Foundations of Flavor: On Acid with Johannes Selbach

Foundations of Flavor: On Acid with Johannes Selbach 10


Acidity is one of the most important components in wine, white or red, providing structure and balance; it is one of the foundations of flavor.

In the picturesque village of Zeltingen, the Selbach family produces a wide array of excellent Rieslings, a grape variety long associated with electric, high-acid wines. Recently, we had a fascinating dialog with Johannes Selbach about acidity and its role in wine.
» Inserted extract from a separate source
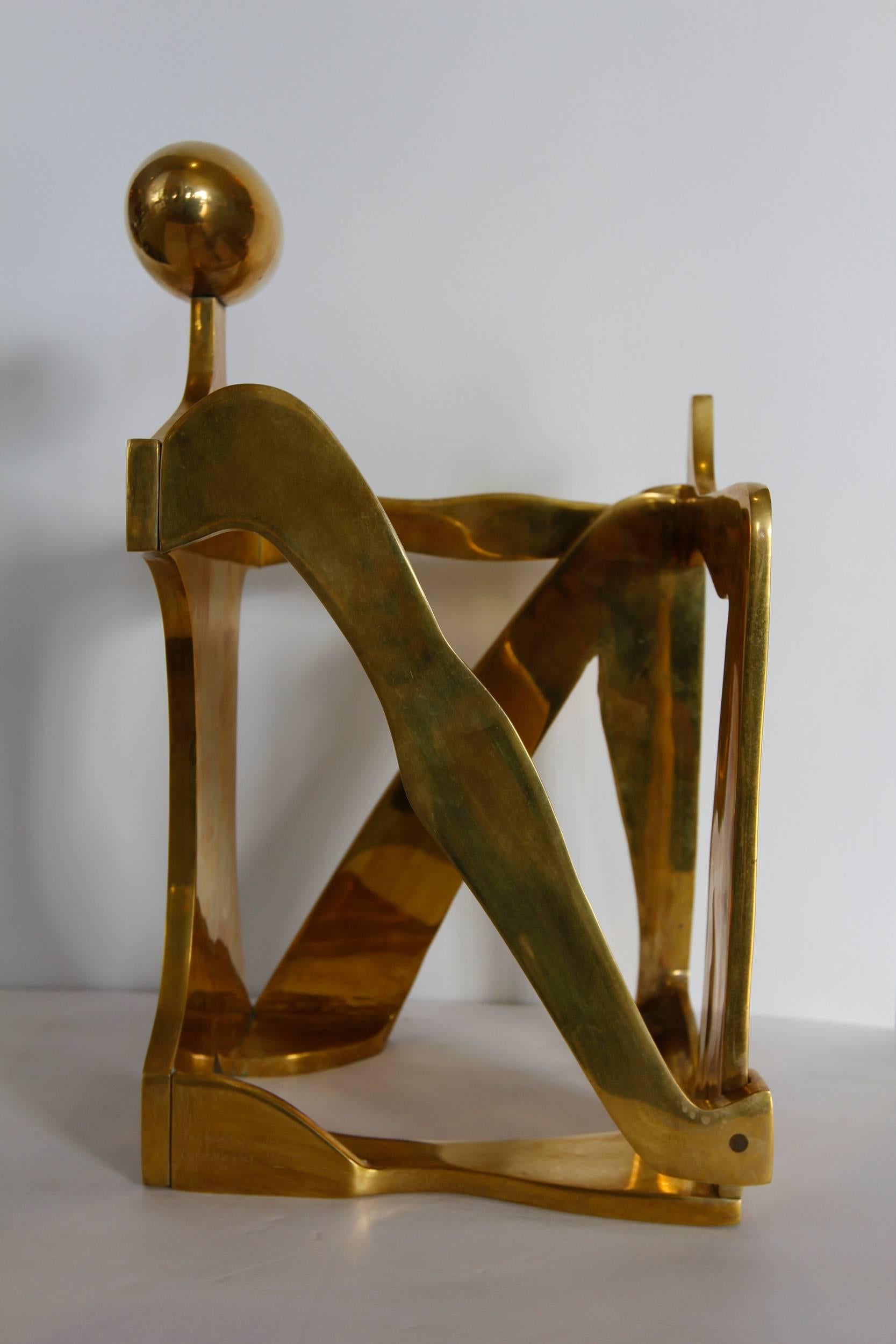 Modernist Brass Figural Sculpture by Arleen Eichengreen & Nancy Gensburg 2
The discussion was far-ranging from acidity to climate change, to the rise of dry wines in the Mosel and why Johannes thinks Riesling is more demanding of the drinker.


Gabriel Clary: Johannes, thank you for your time here today and for talking with us about the foundations of flavor in wine. We want to cover a few different topics here but given that you produce wines made from Riesling in the Mosel, perhaps talking about acidity is a good place to start.

Johannes Selbach: Yes, a good place to begin. First, let me explain what acidity means for a fine wine producer. Acidity is essential for the fruit that we eat and for beverages made from fruit. It provides the spine, the ribs, the ribcage, the skeleton around which all other ingredients, most notably fruit and alcohol are wrapped. A wine without acidity has no shape and no contours, it will be fat and flabby, no balance, no future. Obviously, acidity in wine must be met by all the flavors that come with ripe fruit and, of course, alcohol, glycerol, phenolics, a multitude of aromas as well.

The ultimate deciding factor that makes a wine delicious is the balance of all of the above.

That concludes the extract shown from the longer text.